[Brief]
The required output is the line that contains "Samanta... online show from 01/08/26, 11:51" and every line after it, each written out exactly, up to the end of the entries.

:: Data section ::

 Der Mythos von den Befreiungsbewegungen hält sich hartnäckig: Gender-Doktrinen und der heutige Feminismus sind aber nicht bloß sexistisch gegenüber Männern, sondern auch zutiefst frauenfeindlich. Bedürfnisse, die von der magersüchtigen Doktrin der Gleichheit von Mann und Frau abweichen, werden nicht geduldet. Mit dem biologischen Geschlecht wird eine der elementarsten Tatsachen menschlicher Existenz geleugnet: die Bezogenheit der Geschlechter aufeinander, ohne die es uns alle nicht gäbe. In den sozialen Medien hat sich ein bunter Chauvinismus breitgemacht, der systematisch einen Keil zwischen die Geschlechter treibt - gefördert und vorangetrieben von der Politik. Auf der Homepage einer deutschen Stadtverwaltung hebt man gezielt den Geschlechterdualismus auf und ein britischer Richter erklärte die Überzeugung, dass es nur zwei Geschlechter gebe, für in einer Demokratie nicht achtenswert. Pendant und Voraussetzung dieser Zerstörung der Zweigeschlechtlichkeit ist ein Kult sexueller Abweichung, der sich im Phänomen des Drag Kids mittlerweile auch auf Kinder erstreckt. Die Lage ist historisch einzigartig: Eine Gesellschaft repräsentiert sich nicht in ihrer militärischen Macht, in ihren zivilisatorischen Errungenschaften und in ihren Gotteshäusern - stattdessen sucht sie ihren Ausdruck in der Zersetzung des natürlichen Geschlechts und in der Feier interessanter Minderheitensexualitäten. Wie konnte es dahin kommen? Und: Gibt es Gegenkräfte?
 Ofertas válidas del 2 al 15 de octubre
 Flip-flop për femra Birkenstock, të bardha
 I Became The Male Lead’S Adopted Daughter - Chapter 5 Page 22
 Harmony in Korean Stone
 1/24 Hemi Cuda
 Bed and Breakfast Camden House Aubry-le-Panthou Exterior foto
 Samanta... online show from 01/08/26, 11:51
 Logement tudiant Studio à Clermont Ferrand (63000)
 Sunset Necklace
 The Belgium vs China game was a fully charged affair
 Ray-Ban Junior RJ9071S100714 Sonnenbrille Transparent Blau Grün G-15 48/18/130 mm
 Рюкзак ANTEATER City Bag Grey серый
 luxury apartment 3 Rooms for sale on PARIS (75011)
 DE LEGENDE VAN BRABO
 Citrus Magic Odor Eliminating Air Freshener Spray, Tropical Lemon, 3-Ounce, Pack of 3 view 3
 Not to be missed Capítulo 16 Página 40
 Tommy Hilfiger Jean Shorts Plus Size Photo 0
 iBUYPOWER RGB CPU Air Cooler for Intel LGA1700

:::

[Response area]
 Samanta... online show from 01/08/26, 11:51
 Logement tudiant Studio à Clermont Ferrand (63000)
 Sunset Necklace
 The Belgium vs China game was a fully charged affair
 Ray-Ban Junior RJ9071S100714 Sonnenbrille Transparent Blau Grün G-15 48/18/130 mm
 Рюкзак ANTEATER City Bag Grey серый
 luxury apartment 3 Rooms for sale on PARIS (75011)
 DE LEGENDE VAN BRABO
 Citrus Magic Odor Eliminating Air Freshener Spray, Tropical Lemon, 3-Ounce, Pack of 3 view 3
 Not to be missed Capítulo 16 Página 40
 Tommy Hilfiger Jean Shorts Plus Size Photo 0
 iBUYPOWER RGB CPU Air Cooler for Intel LGA1700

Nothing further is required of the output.